Wait a minute, why should my 434 MHz signal look stronger and healthier than the original 434 MHz signal, unless…

Turns out, the original remote is actually using 868 MHz and the reason I got such a clear signal on ~434 MHz is that it’s (almost) exactly half of 868 and thus a harmonic. What this means is, the signal of the original remote was strong enough on the harmonic to be picked up by my scanner in close range but the original receiver would reject my signal due to better filtering or whatever.

It took me a while until I finally found out about this and I must admit I was a bit angry at the manufacturer at first. But then, who can blame them for using 868 MHz over 434 MHz? It’s clearly the better frequency to use, because 434 MHz is flooded with noise from wireless weather stations, remotely controlled power outlets and all kinds of other cheap shit. There are rules though for the 868 MHz Band: You have to listen in to the frequency you want to transmit on before you transmit anything, to see if there isn’t another transmission going on, and you have to keep your duty cycle below one percent. That means that for 1 second of transmitting you’d have to shut up for 99 seconds before you are allowed to transmit again.

Having this figured out, I picked up a RFM12B 868 MHz transceiver and hooked that up to the ATMega.

I stole this image from here.

I chose the RFM12B because there are a few libraries out there for this device to work with AVR controllers, and even one which works with the Arduino environment. The library (and lots of other cool stuff, and also a very inspiring blog) can be found at http://jeelabs.net/projects/cafe/wiki/RF12. There are also further instructions about how to connect it to an Arduino (or ATMegas in general).

The proof of concept on a breadboard. The little button simply connects the battery when pressed.

The thing about the 868 MHz-Band and the RFM12B is though, that they use FSK, which stands for frequency shift keying, instead of ASK (amplitude shift keying) or OOK (on off keying), the probably simplest form of wireless digital communication: The transmitter is either on (1) or off (0). And what you see in the screenshot above is exactly that. Actually there is a little bit more to it: The signal is encoded in manchester code, but that is irrelevant for the transmission itself, so I won’t go into it right now.

The point is, the original remote uses OOK and the RFM12B isn’t designed to do that. But luckily the RF12 lib has a function for that, so that shouldn’t be a problem.

So I adjusted my code to work with the RF12-lib, uploaded it to the ATMega and went to the garage once again, almost shivering with anticipation.
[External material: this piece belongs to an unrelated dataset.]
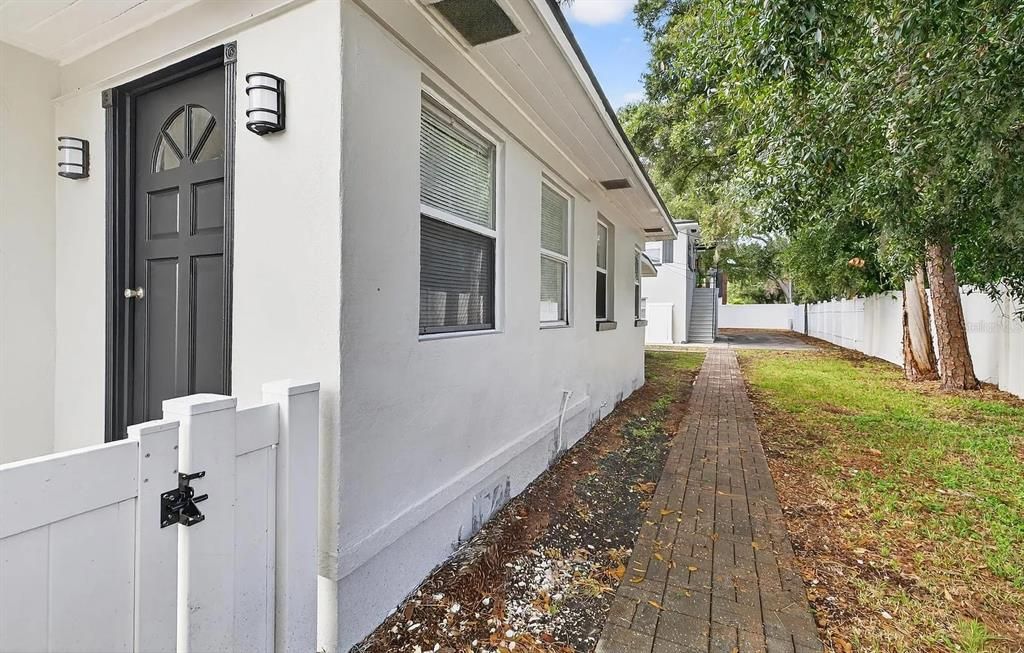 For Rent: $1,700 (1 beds, 1 baths, 1090 Square Feet)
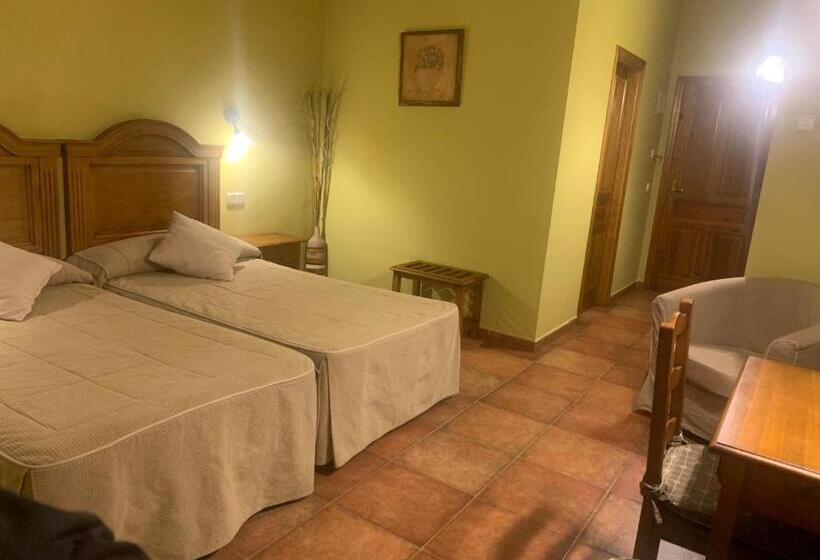 فندق ريفى Langa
Standing at the gate I hooked up the battery and, what do you know, the damn thing opened!
IT WORKED! IT ACTUALLY WORKED!!!1 I finally built something that worked!
(wanted to quote Doc Brown there, but to say I invented it would be taking a
 bit too much credit)

My garage door remote

without the case

There is not much to it, just an ATMega 328 (which is total overkill for a task like this), the RFM12B, a button, an LED and a few resistors.